Textilis and Mr Keskin appealed against that judgment before the Svea hovrätt, Patent- och marknadsöverdomstolen (Svea Court of Appeal, Patents and Market Court of Appeal, Stockholm), seeking, inter alia, a declaration, on the basis of Article 7(1)(e)(iii) of Regulation No 207/2009, that the trade mark MANHATTAN is invalid.

In support of their appeal, they argue that a sign consisting of the pattern on a fabric cannot be registered as a trade mark without subverting the principle of the limitation in time of copyright protection. They are of the view that this is why Article 7(1)(e)(iii) of Regulation No 207/2009 precludes the registration as a trade mark of signs which consist exclusively of a shape which gives substantial value to the goods.

Conversely, Svenskt Tenn contends that signs consisting of the shape of patterns may be registered as EU trade marks, such as the figurative mark MANHATTAN.

The Svea hovrätt, Patent- och marknadsöverdomstolen (Svea Court of Appeal, Patents and Market Court of Appeal, Stockholm) seeks to ascertain whether a figurative mark such as MANHATTAN, which consists of the two-dimensional representation of two-dimensional goods, such as fabric, can be regarded as a shape within the meaning of that provision. It underlines in this respect that it is clear from Article 7(1)(e)(iii) of Regulation No 207/2009 that the ground for invalidity provided for in that provision applies to three-dimensional and two-dimensional marks representing three-dimensional shapes, such as, for example, the representation of a sculpture or a vase, as held by the EFTA Court, in paragraphs 110 to 115 of its judgment of 6 April 2017, Norwegian Board of Appeal for Industrial Property Rights — appeal from the municipality of Oslo (E-05/16), or, as the Court of Justice held in the judgment of 18 June 2002, Philips (C‑299/99, EU:C:2002:377).

It is unsure, however, whether such a ground of invalidity may apply to two-dimensional marks that represent two-dimensional goods, such as, for example, a pattern on a fabric or the reproduction of a painting. In that regard, it observes that it would be paradoxical not to accept such a ground for refusal of registration for such cases, in so far as there is no justification for a difference in treatment between sculpture, which is three-dimensional, and painting, which is two-dimensional.

It states that, unlike the mark at issue in the case which gave rise to the judgment of 12 June 2018, Louboutin and Christian Louboutin (C‑163/16, EU:C:2018:423), which consisted of a colour applied to the sole of a shoe, the figurative mark MANHATTAN at issue in the case pending before it is a work protected by copyright.

It queries whether the amendment of Article 7(1)(e)(iii) of Regulation No 207/2009 by Regulation No 2015/2424, under which registration is refused not only for signs which consist exclusively of ‘the shape’, but also ‘another characteristic of the goods’, which gives substantial value to it, is capable of altering the assessment to be made by virtue of that ground for invalidity.
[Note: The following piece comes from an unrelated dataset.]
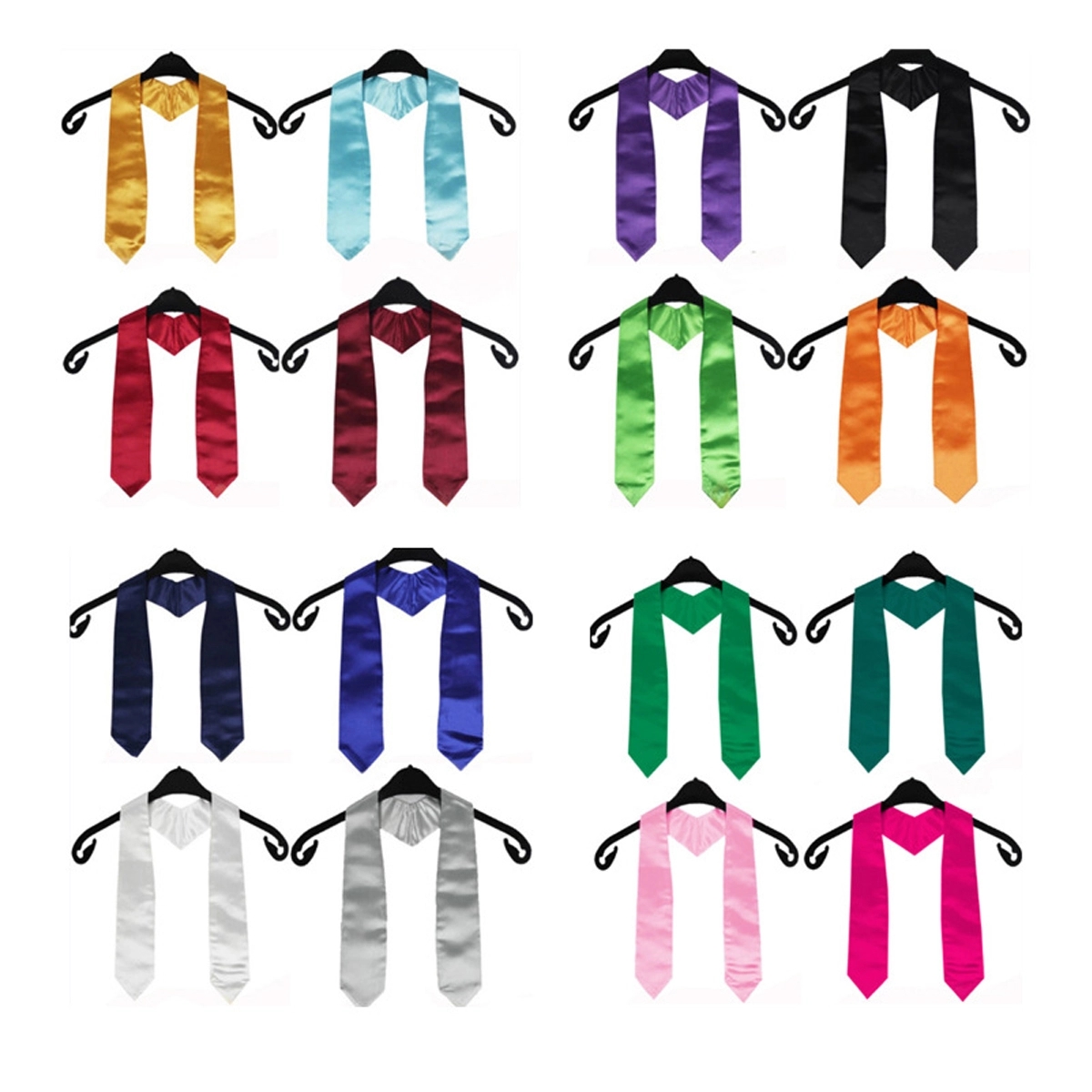 Unisex Adult Plain Graduation Stole Sash 72" 2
In that regard, it wishes to know whether, in the case before it, Regulation No 207/2009 or Regulation No 207/2009, as amended, taking account of the fact that the date of registration of the mark MANHATTAN, like that of the application for a declaration of invalidity and that of the judgment at first instance under appeal, is prior to 23 March 2016, the date of entry into force of Regulation 2015/2424.

 It states that, in any event and whatever the applicable version of Article 7(1)(e)(iii), if it is accepted that that provision applies to two-dimensional marks representing two-dimensional goods, the question arises as to the criteria for determining whether a sign such as that at issue in the main proceedings, may be regarded as consisting ‘exclusively of the shape which gives substantial value to the goods’ where the registration of that sign as a trade mark relates to a number of classes of goods and that the mark is designed in such a manner that it can cover the whole or substantial parts of the goods or be used as a logo.
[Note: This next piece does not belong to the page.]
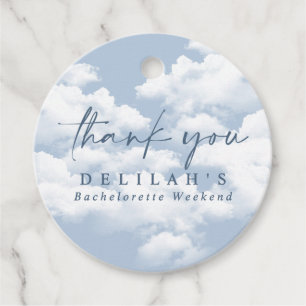Light Blue "On Cloud Nine" Bachelorette Weekend Favor Tags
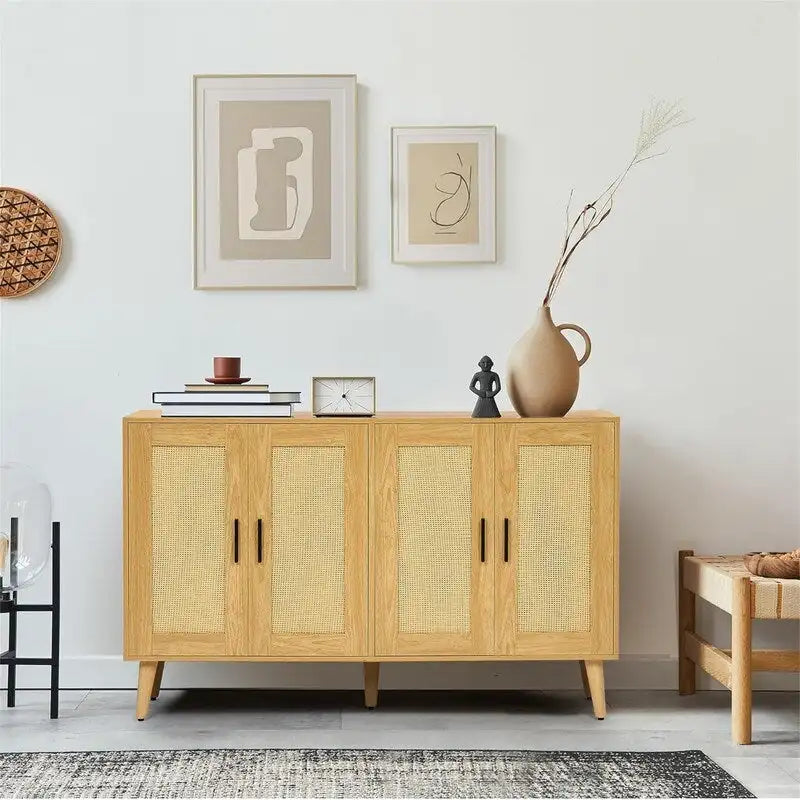 Buffet en rotin à 4 portes et étagères réglables - 11,8 cm (P) x 47,2 cm (L) x 29,5 cm (H)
In that regard, it points out the difficulty in assessing such a ground of invalidity, since the applicant for the trade mark is required only to indicate the goods for which it intends to use the mark and not to specify the practical conditions of use of the sign for which it seeks protection.

Thus, as the case may be, a mark may be affixed to the goods as a whole, like, for example, a furnishing fabric, paper or a tray, so that it becomes a key feature of the goods themselves and, in many of those cases, there is identity between the trade mark and the goods, or it may occupy a minor position on the goods, in particular where the mark is used as a logo.
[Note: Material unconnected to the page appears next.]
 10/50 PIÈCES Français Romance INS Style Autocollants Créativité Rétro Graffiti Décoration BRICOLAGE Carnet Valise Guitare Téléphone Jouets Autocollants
In the light of those facts, the Svea hovrätt, Patent- och marknadsöverdomstolen (Svea Court of Appeal, Patents and Market Court of Appeal, Stockholm) decided to stay the proceedings and refer the following questions to the Court for a preliminary ruling:

‘1.  Is Article 4 of [Regulation 2015/2424] to be interpreted as meaning that Article 7(1)(e)(iii), in its new wording, is applicable to a court’s assessment of invalidity (under Article 52(1)(a) of the Trade Marks Regulation) that is made after the entry into force of the amendment, namely after 23 March 2016, even if the action concerns a declaration of invalidity where the action was brought before that date and therefore concerns a trademark registered before that date?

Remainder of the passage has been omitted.